For a while now I'd see an annoying problem when trying to analyze data. I would be trying to import into numpy an innocuous-looking data file like this:

#  image   x y z temperature
image1.png 1 2 5 34
image2.png 3 4 1 35

As usual, I would be using vnlog.slurp() (a thin wrapper around numpy.loadtxt()) to read this in, but that doesn't work: the image filenames aren't parseable as numerical values. Up until now I would work around this by using the suprocess module to fork off a vnl-filter -p !image and then slurp that, but it's a pain and slow and has other issues. I just solved this conclusively using the numpy structured dtypes. I can now do this:

dtype = np.dtype([ ('image',       'U16'),
                   ('x y z',       int, (3,)),
                   ('temperature', float), ])
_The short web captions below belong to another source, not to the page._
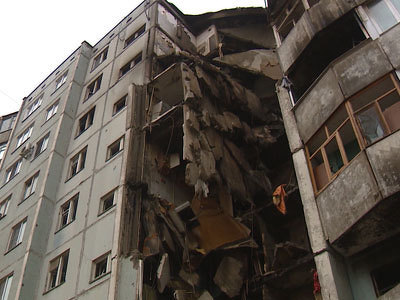 В Волгограде дом, пострадавший от взрыва, будет демонтирован
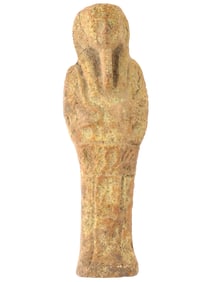 ANCIENT EGYPTIAN LATE PERIOD FAIENCE PHARAOH FIGURE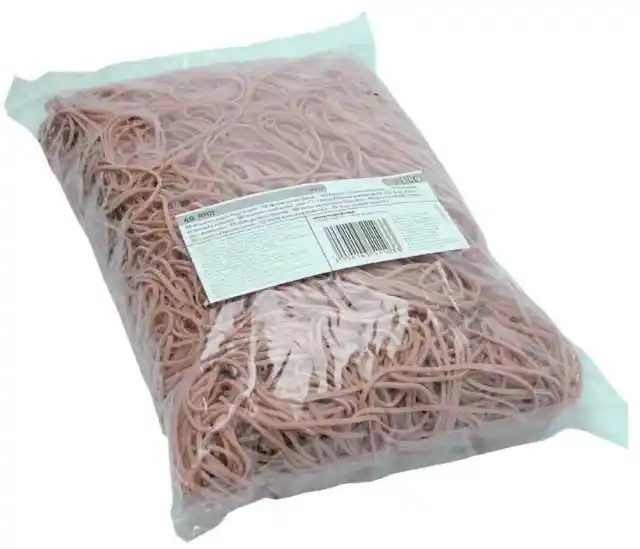 [Ref:452102-10] MAPED Lot de 10 sachets de 1 kg d'élastiques, nature, 200 x 10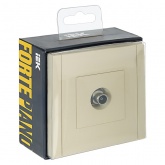 Розетка TV оконечная ИЭК FORTE&PIANO FP428 ваниль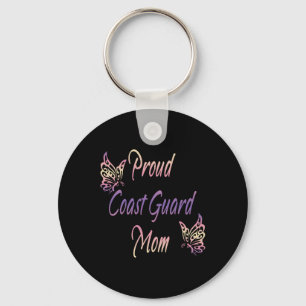 Proud Coast Guard Mum Key Ring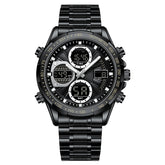 Alloy Leather Men's Business Watch Luminous Waterproof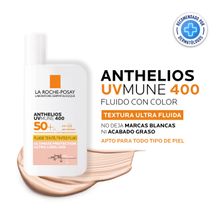 Protector solar ANTHELIOS UV MUNE 400 FLUIDO INVISIBLE COLOR  La Roche-Posay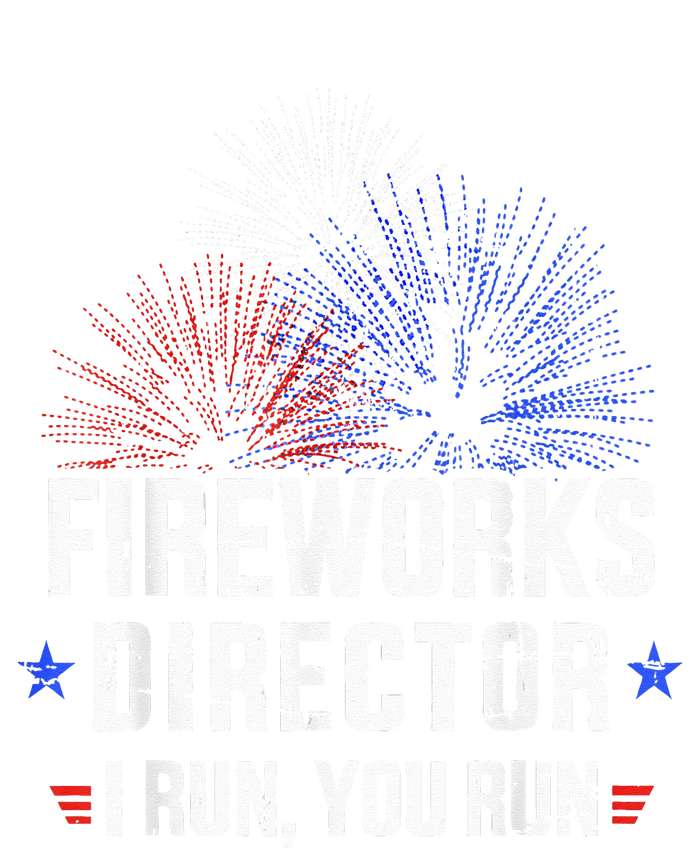 Funny 4th of July Fireworks director I run you run Sustainable Bucket Hat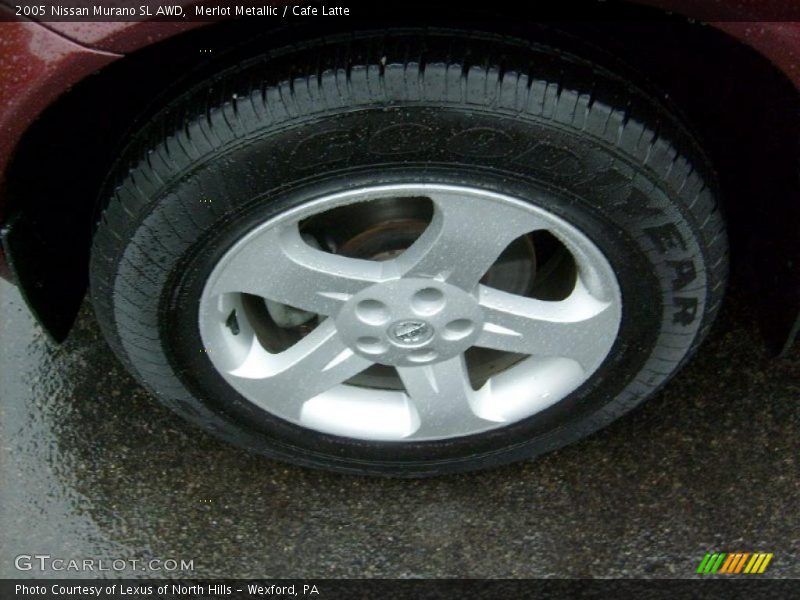 Merlot Metallic / Cafe Latte 2005 Nissan Murano SL AWD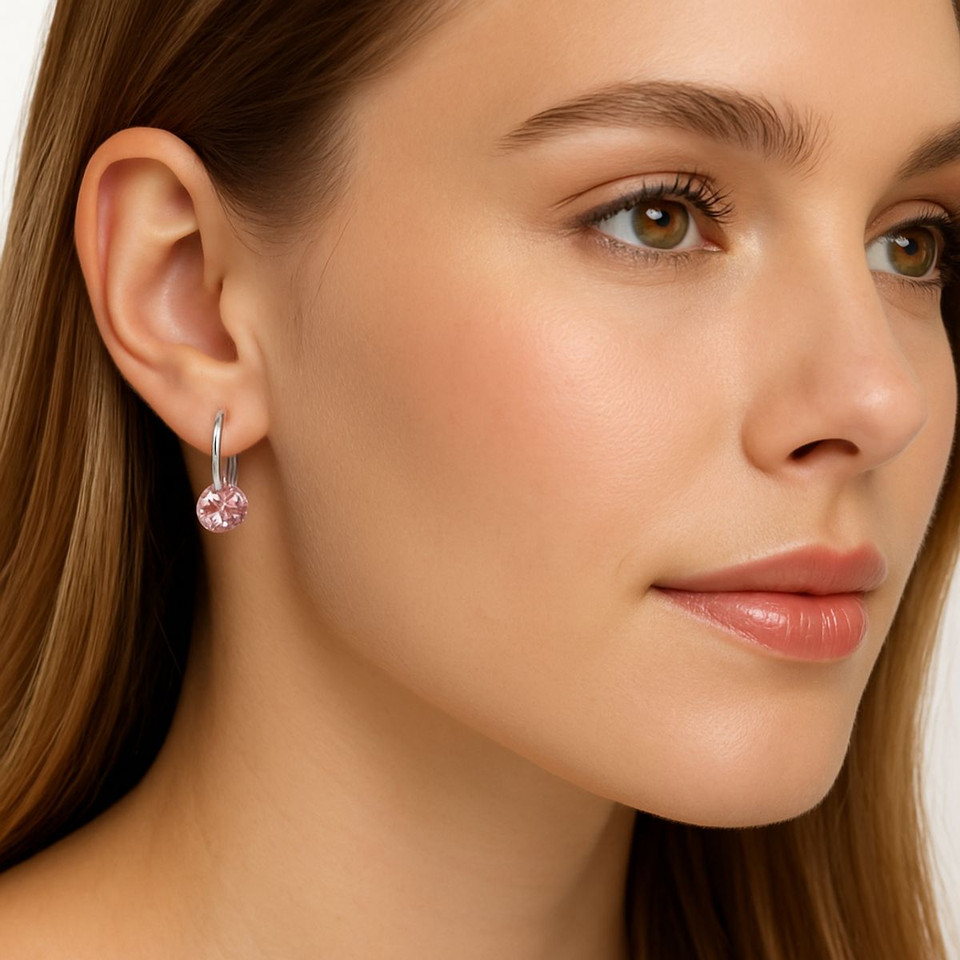 Leverback Asscher Cut Gemstone Earrings product image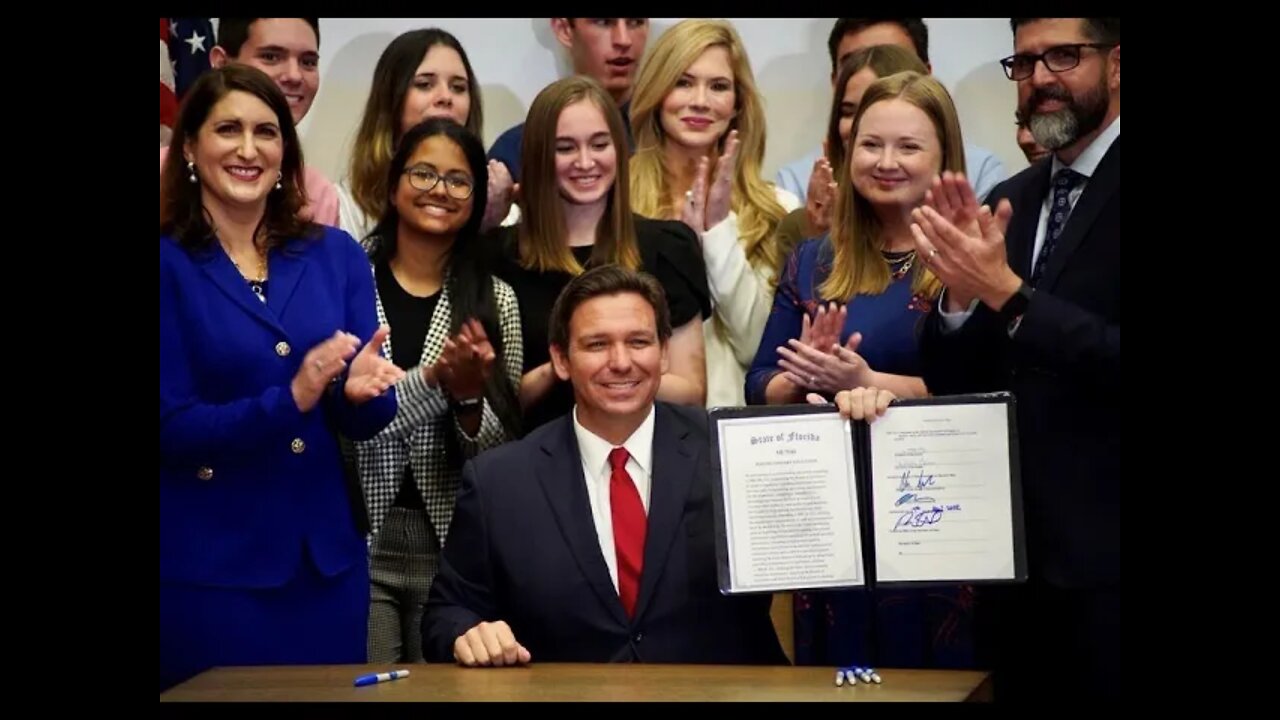 Ron Desantis is pummeling Disney and Groomers.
arr = vnlog.slurp("data.vnl", dtype=dtype)

This will read the image filename, the xyz points and the temperature into different sub-arrays, with different types each. Accessing the result looks like this:

print(arr['image'])
---> array(['image1.png', 'image2.png'], dtype='<U16')

print(arr['x y z'])
---> array([[1, 2, 5],
            [3, 4, 1]])

print(arr['temperature'])
---> array([34., 35.])

Notes:

  • The given structured dtype defines both how to organize the data, and which data to extract. So it can be used to read in only a subset of the available columns. Here I could have omitted the temperature column, for instance
  • Sub-arrays are allowed. In the example I could say either
    dtype = np.dtype([ ('image',       'U16'),
                       ('x y z',       int, (3,)),
                       ('temperature', float), ])
    

    or

    dtype = np.dtype([ ('image',       'U16'),
                       ('x',           int),
                       ('y',           int),
                       ('z',           int),
                       ('temperature', float), ])
    

    The latter would read x, y, z into separate, individual arrays. Sometime we want this, sometimes not.
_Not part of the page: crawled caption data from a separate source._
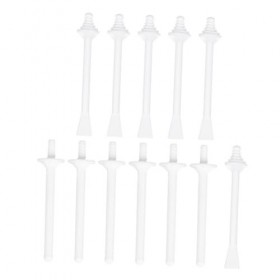 FOMIYES 30 Pièces Bâtons De Cire DÉpilation Bâtons De Poils De Nez Nettoyage Des Narines De Tige De Cire En Plastique Bandes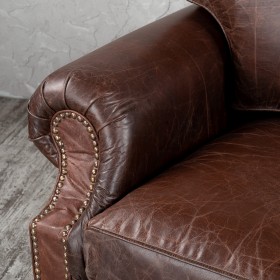 Кресло кожаное Лофт Аристократ (ширина 1100 мм) в Среднеколымске - srednekolymsk.katalogmebeli.com | фото 5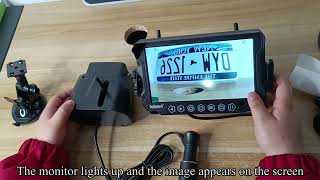 S21 Wireless RV Backup Camera Signal Pairing Video [upl. by Bab]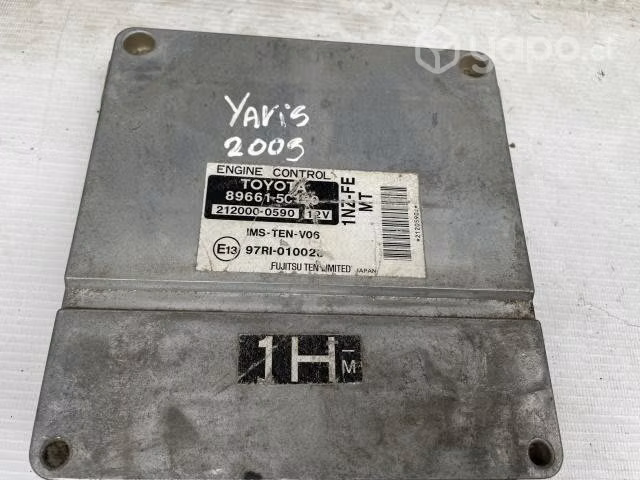 Computador Toyota Yaris 2005 ecco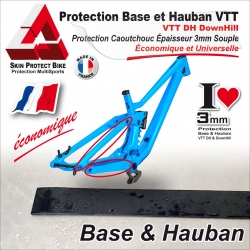 Protection Base et Hauban VTT DH DownHill 3mm d'épaisseur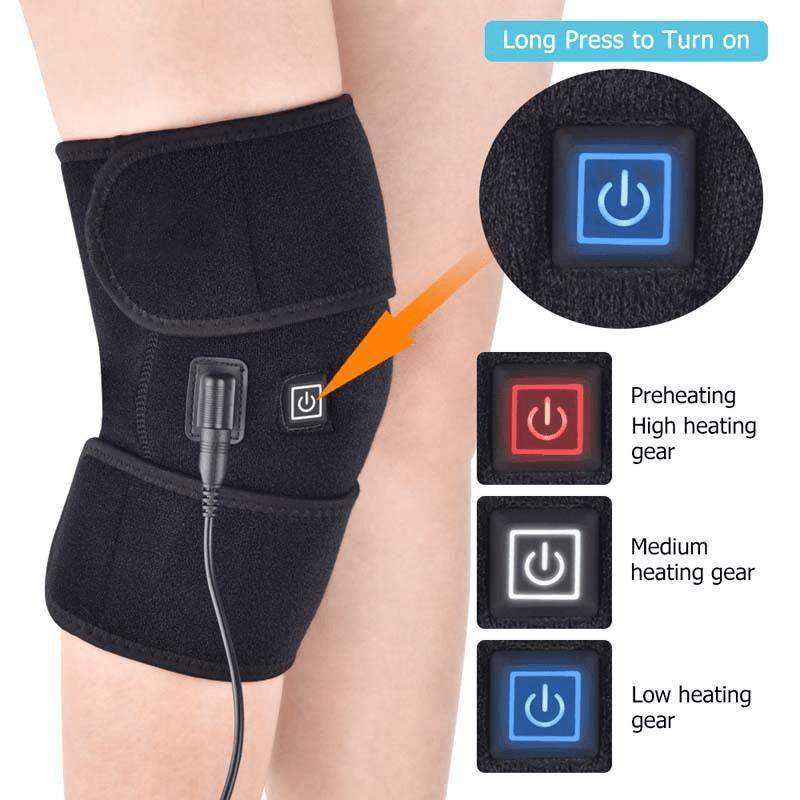 Electric Heated Knee Massager, 1 Count USB Rechargeable Knee Warmer, Knee Massage Tool for Women & Men, Personal Care Appliances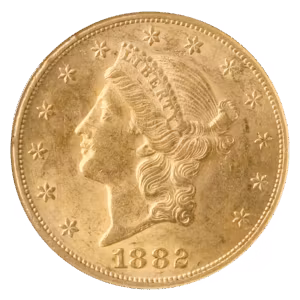 1882-CC $20 Liberty NGC MS60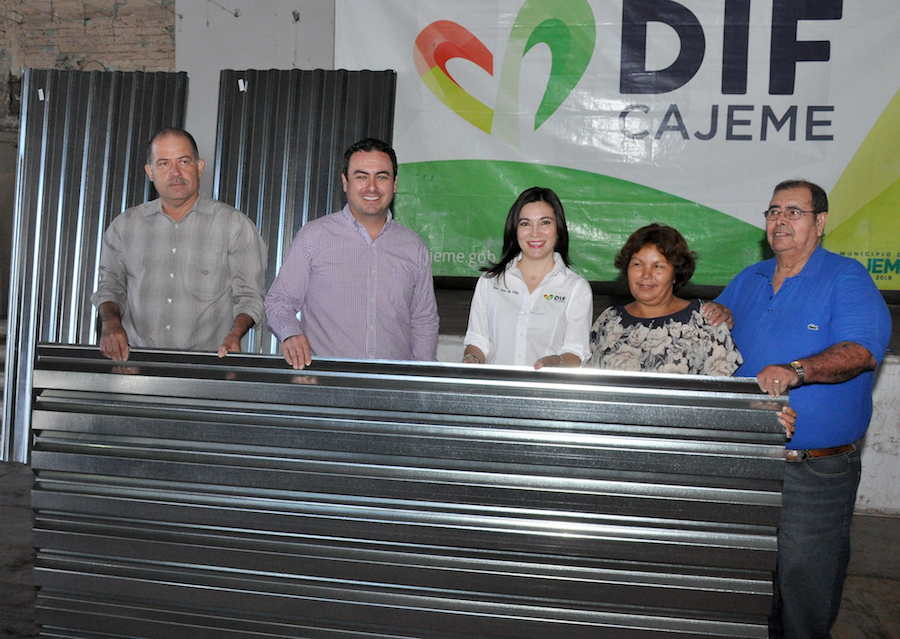 Beneficia DIF Cajeme con láminas galvanizadas a familias de esperanza Beneficia DIF Cajeme con láminas galvanizadas a familias de esperanza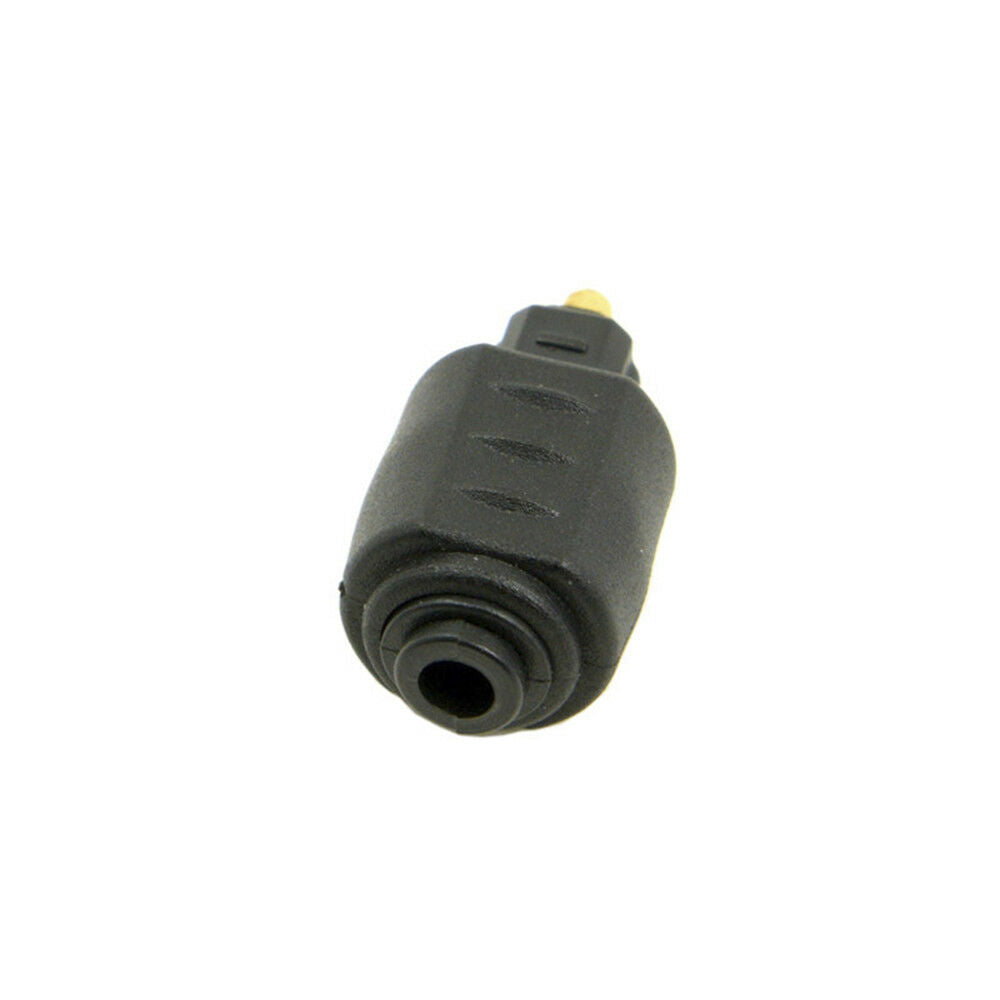 Mini 3.5mm Female Jack Plug to Digital Toslink Male Optical Audio Adapter Black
  • Nested structured dtypes are not allowed. Fields inside other fields are not supported, since it's not clear how to map that to a flat vnlog legend
  • If a structured dtype is given, slurp() returns the array only, since the field names are already available in the dtype

We still do not support records with any null values (-). This could probably be handled with the converters kwarg of numpy.loadtxt(), but that sounds slow. I'll look at that later.

This is available today in vnlog 1.38.